Doch auch der Sprecher der islamistisch angehauchten Front der Syrischen Revolutionäre spielt die Hilfe durch die Golfaraber herunter. «Wir haben nur Geld von einigen Syrern und arabischen Spendern erhalten, aber keine Organisation hat uns irgendwelche Unterstützung zukommen lassen.

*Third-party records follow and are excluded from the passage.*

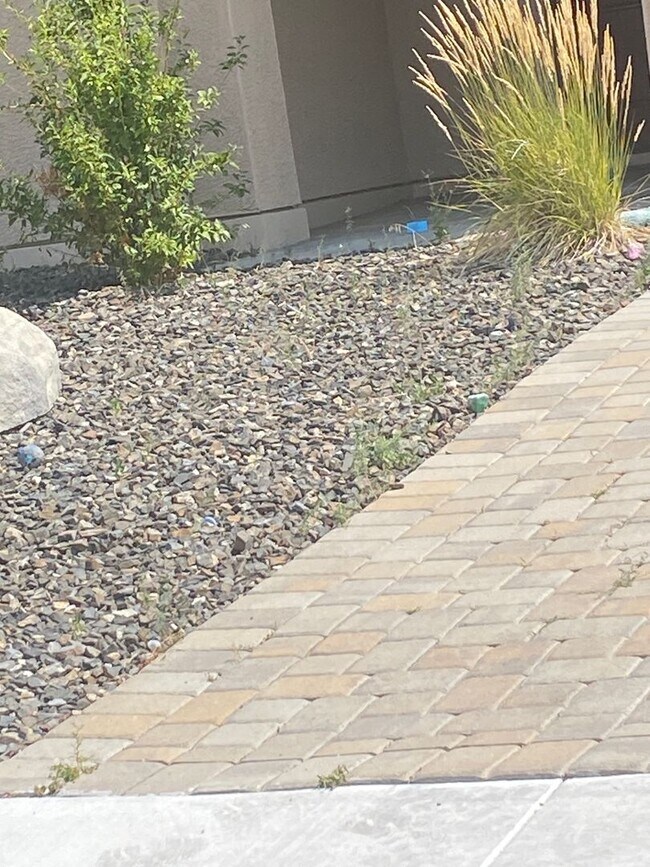 Building Photo - Single Story Home in South Reno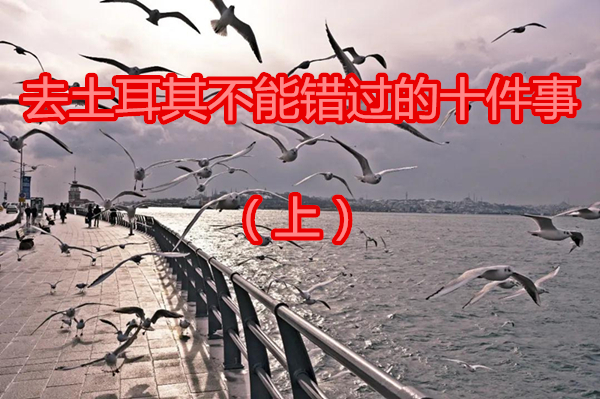 1615342537657568.jpg 1.jpg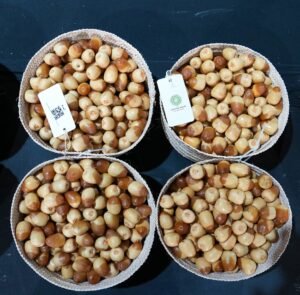 برعاية منصور بن زايد.. مهرجان ليوا للرطب بدورته الـ 21 ينطلق 14 يوليو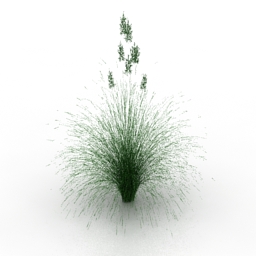 Plant lawn grass Idaho fescue 3d model
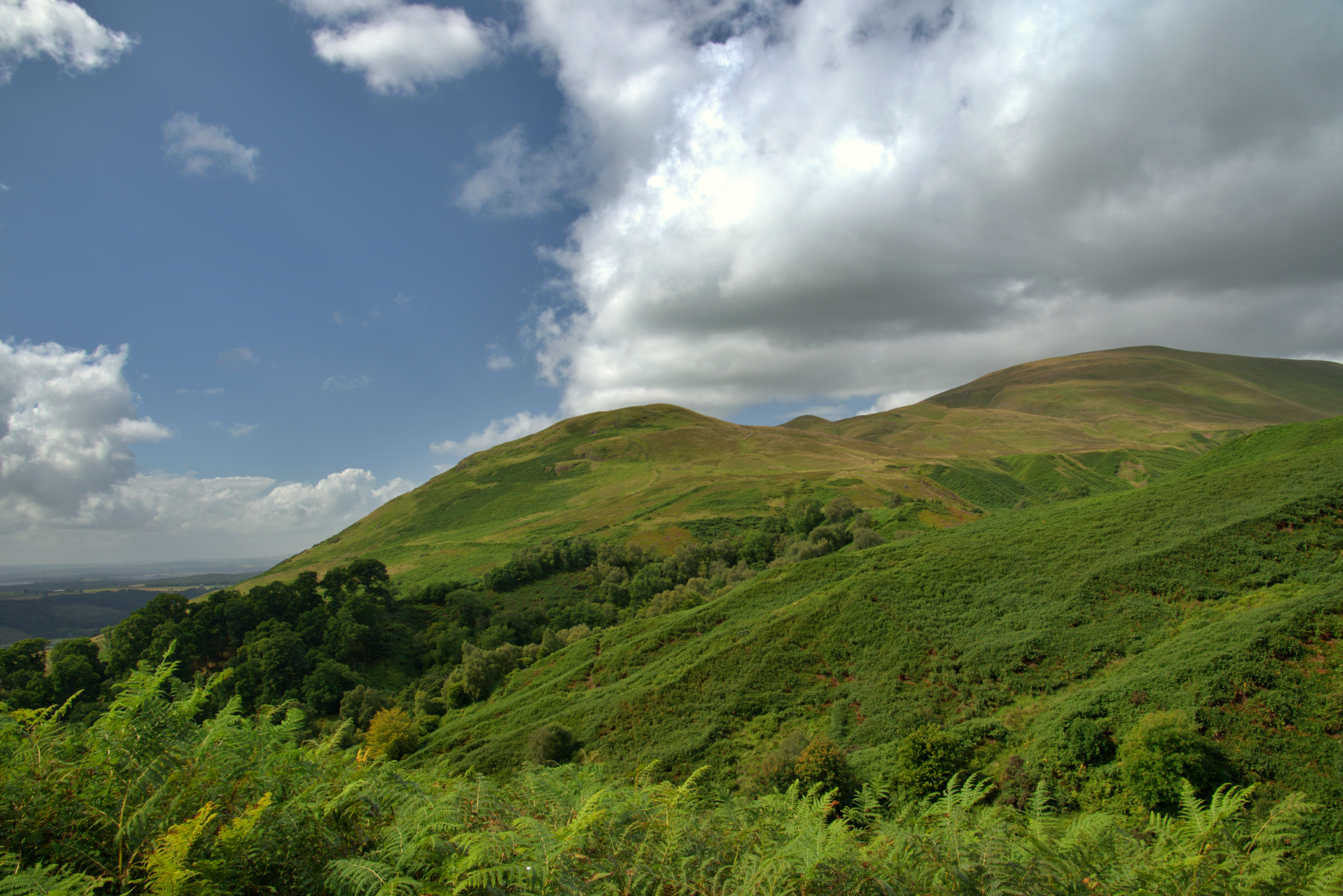 Ochil Hills in Dollar Glen, Scotland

Wir haben keine Waffen ins Land geschmuggelt, sondern alles im Land gekauft oder erbeutet.»

Auf die Frage, ob seine Front auch Alawiten oder Angehörige anderer Minderheiten aufnehmen würde, sagt der Sprecher, der sich nur mit seinem Vornamen Anas identifiziert: «Wir akzeptieren nur Muslime, aber wir würden mit den anderen auch zusammenarbeiten.» Der Sturm auf die Grenzübergänge sei eine Gemeinschaftsaktion der Front und der Freien Syrischen Armee (FSA) gewesen.

Die FSA, die von Deserteuren im vergangenen Jahr gegründet worden war, hat seit dem Wochenende großen Zulauf erhalten, berichtet Hauptmann Amar al-Wawi, der schon seit einigen Monaten dabei ist. Er rechnet in den nächsten Tagen mit weiteren Überläufern. Dass Russland mit seinem Veto jetzt zum dritten Mal eine UN-Resolution verhindert hat, die das Regime unter Druck setzen sollte, ist ihm völlig egal. Er sagt: «Als wir von der internationalen Gemeinschaft Hilfe wollten, kam sie nicht. Jetzt werden wir den letzten Teil des Weges auch noch alleine schaffen.» Seine Botschaft lautet: Wir haben die Opfer gebracht. Der Sieg soll jetzt allein unser Sieg sein.